= Source material =
↓

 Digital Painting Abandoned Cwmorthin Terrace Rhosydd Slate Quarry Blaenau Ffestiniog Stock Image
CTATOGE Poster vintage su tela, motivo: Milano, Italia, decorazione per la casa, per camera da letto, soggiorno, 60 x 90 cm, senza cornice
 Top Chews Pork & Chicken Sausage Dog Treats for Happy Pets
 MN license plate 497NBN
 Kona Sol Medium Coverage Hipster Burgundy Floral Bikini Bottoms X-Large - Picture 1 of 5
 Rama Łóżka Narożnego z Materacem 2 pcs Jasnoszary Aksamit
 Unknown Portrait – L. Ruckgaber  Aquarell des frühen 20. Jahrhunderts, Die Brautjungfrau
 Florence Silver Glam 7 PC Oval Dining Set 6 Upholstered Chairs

↑
↓

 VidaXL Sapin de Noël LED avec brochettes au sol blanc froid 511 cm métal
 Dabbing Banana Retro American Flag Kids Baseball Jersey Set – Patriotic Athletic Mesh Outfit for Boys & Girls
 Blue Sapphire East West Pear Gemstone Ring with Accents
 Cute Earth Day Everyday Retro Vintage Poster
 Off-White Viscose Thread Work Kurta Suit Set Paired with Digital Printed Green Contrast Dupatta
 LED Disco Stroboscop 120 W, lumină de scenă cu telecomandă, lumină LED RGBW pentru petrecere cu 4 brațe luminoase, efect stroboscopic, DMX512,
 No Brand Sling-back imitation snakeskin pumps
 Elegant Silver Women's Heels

↑
↓

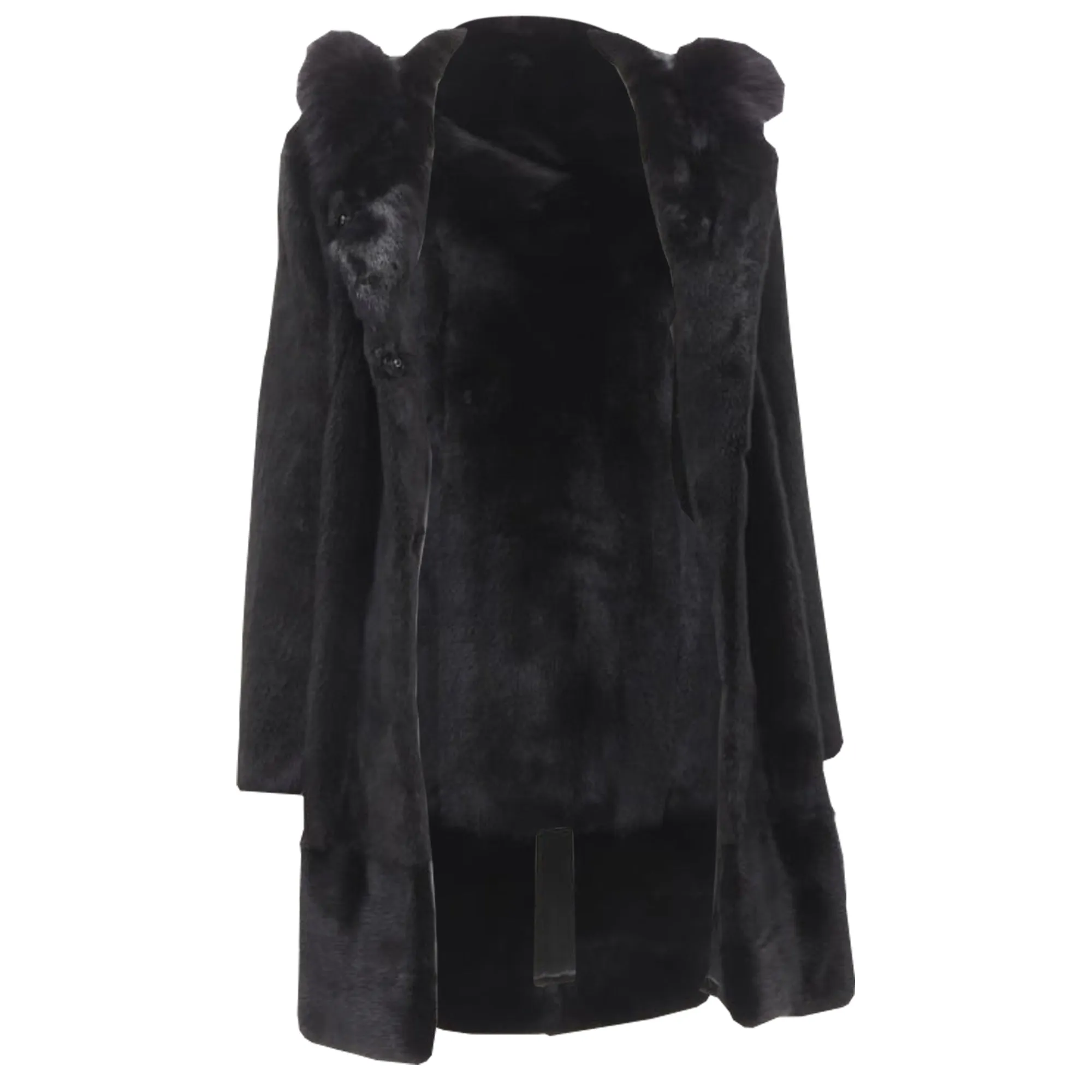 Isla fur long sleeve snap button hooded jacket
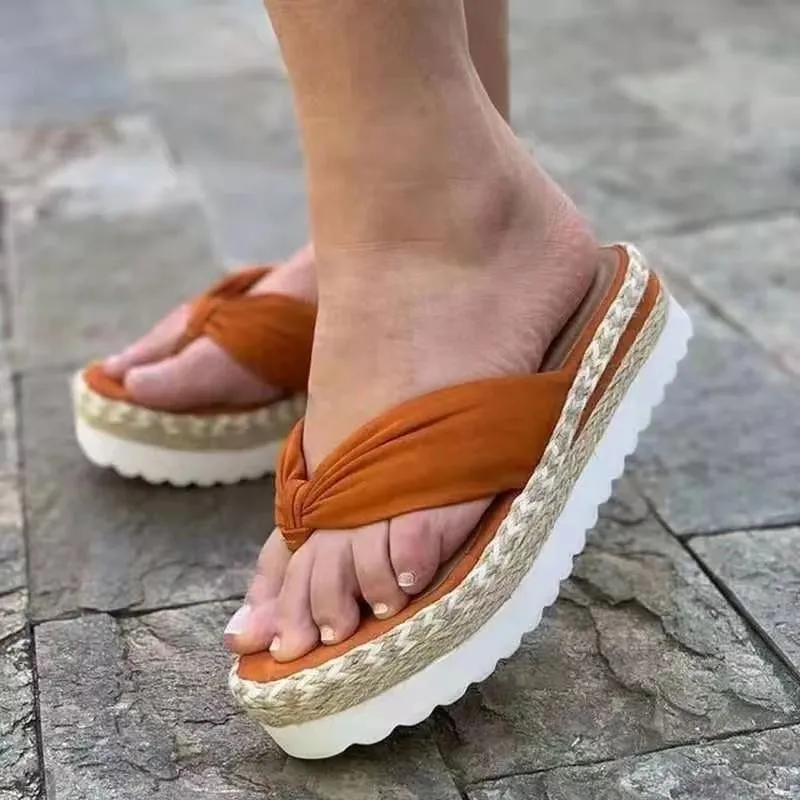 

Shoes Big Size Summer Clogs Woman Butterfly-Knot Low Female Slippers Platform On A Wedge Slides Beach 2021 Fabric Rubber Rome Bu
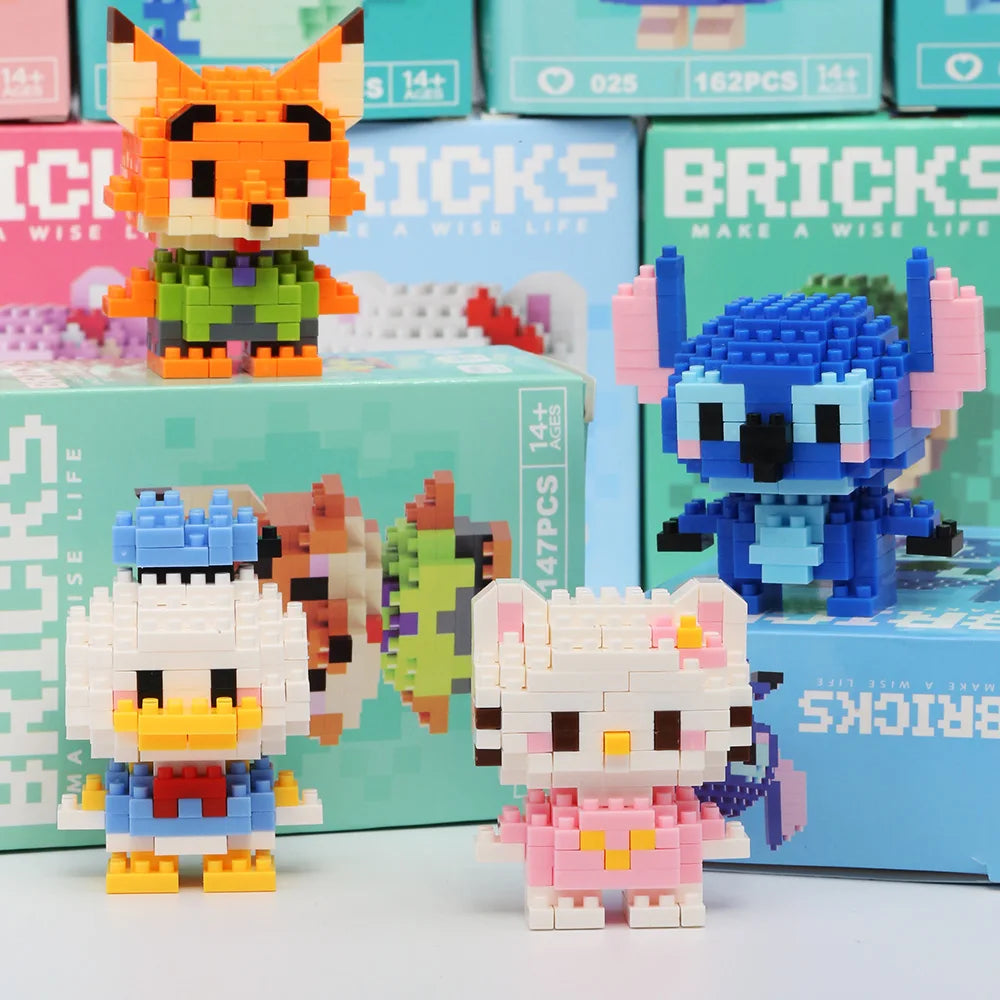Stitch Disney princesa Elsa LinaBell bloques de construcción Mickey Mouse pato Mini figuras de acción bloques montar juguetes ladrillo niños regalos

↑

= Exercise aim =
For every line above that includes the word "Poster", return the line.

= Response box =
CTATOGE Poster vintage su tela, motivo: Milano, Italia, decorazione per la casa, per camera da letto, soggiorno, 60 x 90 cm, senza cornice
 Cute Earth Day Everyday Retro Vintage Poster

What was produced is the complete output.